As implicações em termos ambientais decorrentes da densificação agrícola em território agro-silvo-pastoril e de grande sensibilidade ecológica foram explicadas ao PÚBLICO pela Sociedade Portuguesa de Botânica (SPB). “Nos últimos anos este território [Alcácer do Sal e Grândola] tem vindo a perder a sua integridade, com a complacência de quem deveria zelar pela sua conservação”, refere esta organização destacando os valores florísticos que estão a ser afectadas pelo novo modelo cultural: “14 espécies com estatuto legal de protecção, 14 endemismos lusitanos, 10 espécies ameaçadas de extinção em Portugal e 11 quase ameaçadas, para além de 41 habitats com estatuto legal de protecção, alguns deles de conservação prioritária”.
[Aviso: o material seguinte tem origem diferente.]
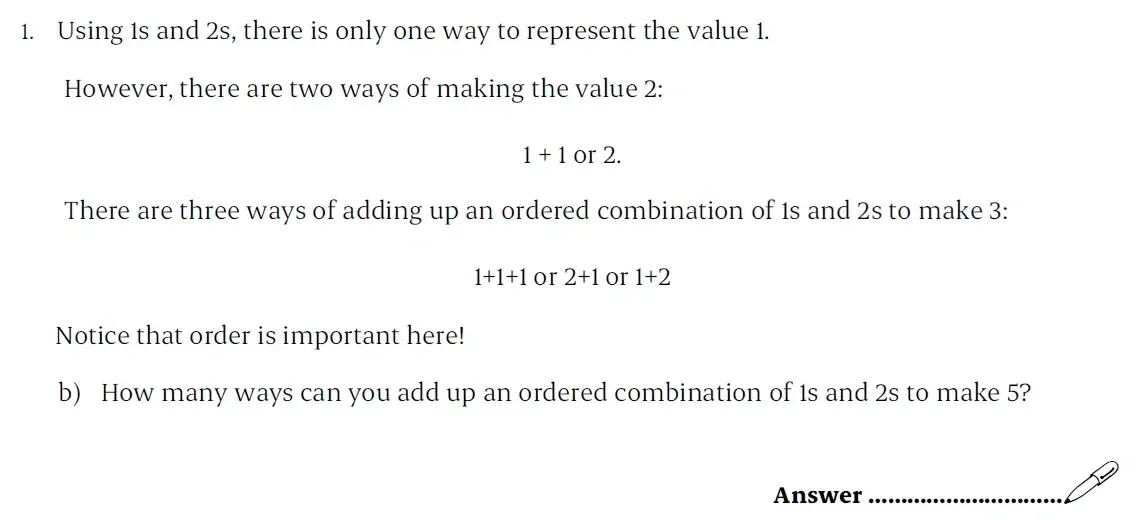 Question 01(b) - St Paul’s Girls School - 11+ Sample Maths Paper 2 - 2025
Os impactos cumulativos “são alarmantes” analisa a SPB: por exemplo, no período de 2011 a 2019, cerca de 1950 hectares de áreas naturais ou semi-naturais dentro da ZEC Comporta/Galé “foram eliminadas para agricultura intensiva de regadio”. Estes quase dois mil hectares, continham, “na sua maioria, habitats e espécies de importância comunitária (listados na Directiva Habitats), alguns deles prioritários”. E desde 2019 até ao presente outros projectos baseados na produção de mirtilos, abacates e tangerinas vieram aumentar a área ocupada por este tipo de culturas, para mais de 3000 hectares.

Os grandes espaços naturais que há poucas décadas testemunhavam a sua integridade, estão “cada vez mais confinados, fragmentados e degradados”, prossegue a SPB, salientando os impactes que estão a ser potenciados sobre os recursos hídricos nas várias explorações agrícolas de regadio que já se encontram implantadas. A monocultura de espécies que “não são prioritárias para o regime alimentar da população portuguesa pode tornar a área infértil, tendo em vista o avanço das alterações climáticas e da mudança que será necessária incutir na actividade agrícola em Portugal” adverte a Sociedade Portuguesa de Botânica.

Medidas de compensação

O Instituto da Conservação da Natureza e Florestas (ICNF) garantiu ao PÚBLICO que as espécies da flora legalmente protegidas identificadas na Zona Especial de Conservação (ZEC) da Comporta-Galé, “foram salvaguardados através de condicionamentos e de medidas de minimização e/ou compensação”.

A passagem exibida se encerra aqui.